Its never too late but it is important to heed the advice that if you're going to invest then you need to think long term i.e. 10 years minimum.
As far as I know (AFAIK), if you can lump sum £2880 before 5th April this tax year into a self invested personal pension (SIPP) it will enable you to gain the tax back for this year and then could do it gradually or lump sum again after 6th April.
When it comes to a stocks and shares ISA (S&SISA) I would suggest the first thing for you to do is assess your risk profile and how involved you want to be. If hands off you would probably want to invest in a fund. These will be available from a variety of sources and on various platforms.
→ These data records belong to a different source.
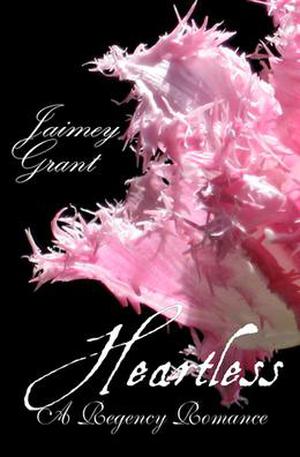 Heartless (Regency #8)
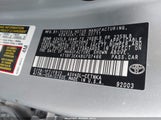 Toyota Camry 4T1BF3EK4BU707466 снимка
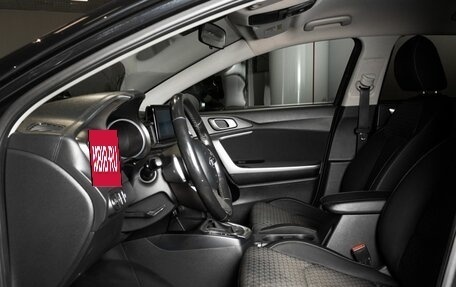 KIA cee'd III, 2019 год, 1 690 000 рублей, 14 фотография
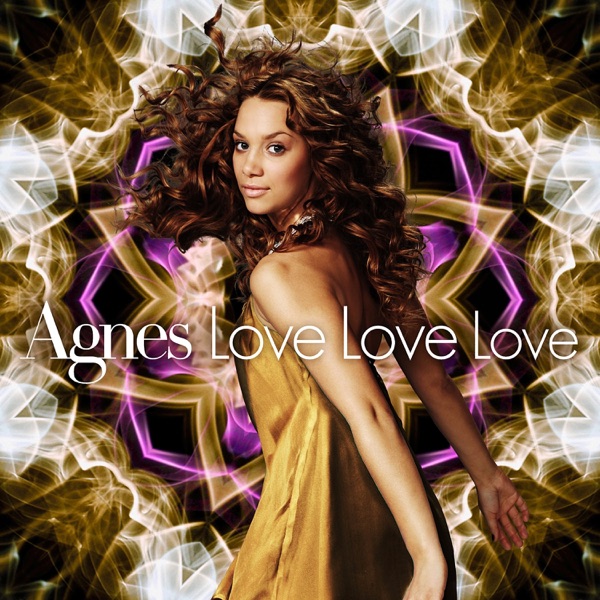 Love Love Love - Single album cover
I'm a relative newbie to this too but got sick of seeing all my cash savings effectively reducing because of inflation and so went for the relatively easy S&SISA (but capital still at risk in a downturn) Vanguard Life Strategy 60 (VLS) ~ 60% equities/40% bonds and I hold it on the Vanguard platform. I have no intention of touching this investment for at least 10 years.
Similarly, I'm now considering a SIPP and another S&SISA and am currently trying to work out the best place to hold these as I have a very firm idea of what shares I want to place in the SIPP so Vanguard is no help for me in this. For the S&SISA, I will stick with another global fund probably around the same risk profile as the VLS60 or possibly increase the risk (higher balance of equities) slightly to similar to VLS80.
Good luck with your computations and considerations.